Suddenly, I get an email from the copy editor. The galley proof (the entire text printed as it will appear in the final version) will arrive on such and such a date, and she needs my corrections back on such and such a date to meet the “to-press” date. And she includes the statement that causes all warmth to drain from my body to be replaced with bone-crunching Arctic fear: this will be my final opportunity to make changes.

I’m about to play Jenga with my book.

OK, I can handle it. After all, everyone who read the manuscript loved it. Sure, there’s going to be a few typos that even the editor and proof reader missed. Hey, we’re all human, right? I’ll just whip through this baby, catch a few minor flaws, and get it back ahead of time.

Note: one big advantage here; I have a co-writer, and she’s got her own copy of the galley proof, and she’s going through the same exercise I am. So we figure it’ll be a quick read-through and we’re done. Then we can get back to the fun stuff, right?

So far, I have 5 pages of changes, mostly small items, but a couple of plot issues that need a great deal of thought before we commit to a change. The reason is, one small change, even a word, can break stuff all over the place. Pull the wrong block and the book comes tumbling down.

“This will be your final opportunity to make changes.”

Most of the changes going back to the copy editor are small stuff. But if I stumble across something that needs to be clarified and that clarification causes something else to be changed, and that change causes a major . . .

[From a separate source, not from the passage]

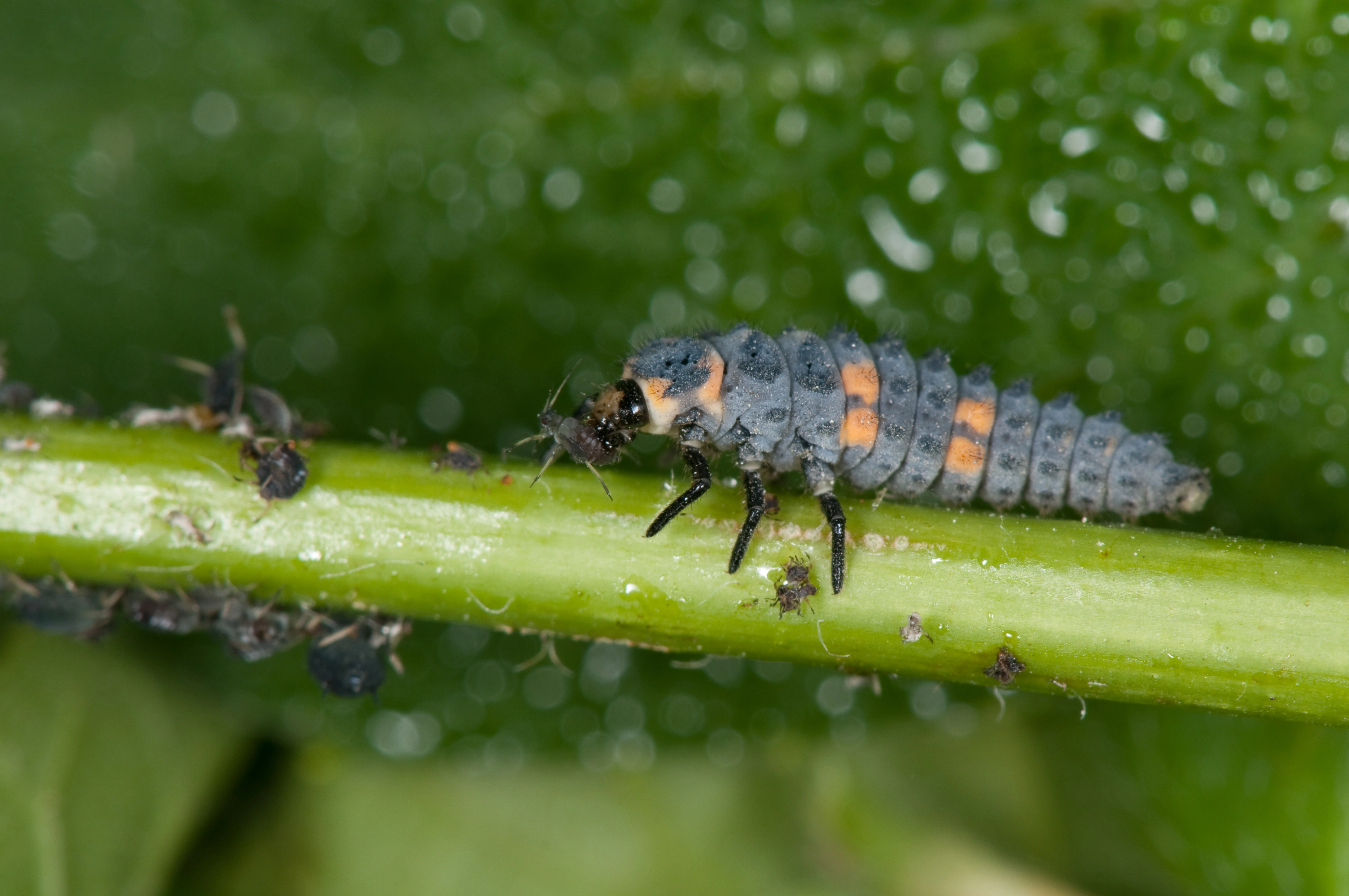 : Coccinella septempunctata.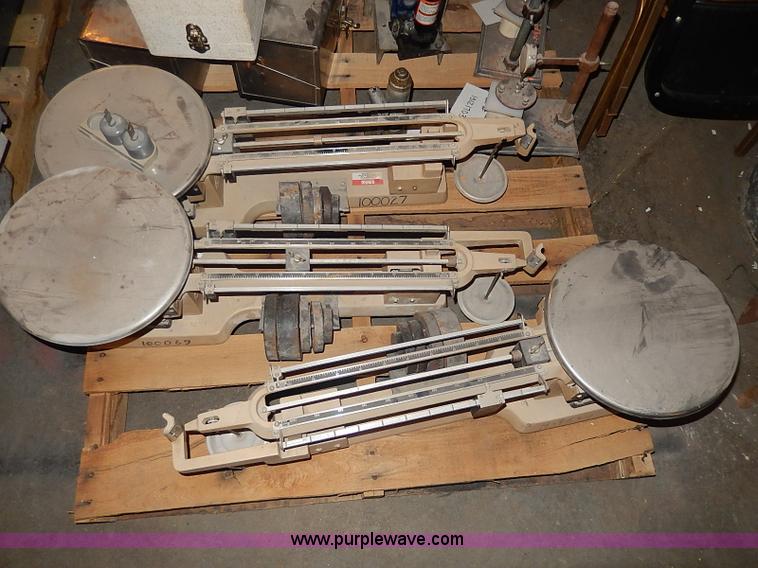 image for item AP9166 Assorted scales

You get the idea. Editing the galley proof is like pulling blocks in the Jenga tower without it crumbling down around me. It’s not fun, and you don’t get a second chance. Who said writing a novel wasn’t dangerous?

How does this stage of the process go for the rest of the writers out there? Do you love it or hate it? Do you play Jenga with your book?

THE PHOENIX APOSTLES, coming June 8, 2011.
”Leaves the reader breathless and wanting more.”
– James Rollins


  1. Like my children, I love every part of writing the same. Some for one reason, some for another. It's the non-writing parts of this thing we have that I don't care for.

  2. Hey Joe--Jenga, huh? Fun post. I actually am scared to see those words too - LAST TIME TO CHANGE - but the galley is when I get to read the book without my author hat on.

    Yes, there is a hat. More of a beanie, actually...with a propeller, but I digress.

    I actually enjoy the galley stage. So far, my thriller publisher has never made this stage terrible for me. It's my last chance at typos. And I will say that after the galley, I NEVER READ MY BOOK AGAIN. Once it's in final form, I never want to find that hidden typo that everyone missed, so I've never read my book cover to cover after the galley.

    What about you? Do you read the final book? That's one of my phobias.

  3. John, I enjoy pretty much all the parts of a writer's life, too. But the galley stage is the point of no return for me. That's scary.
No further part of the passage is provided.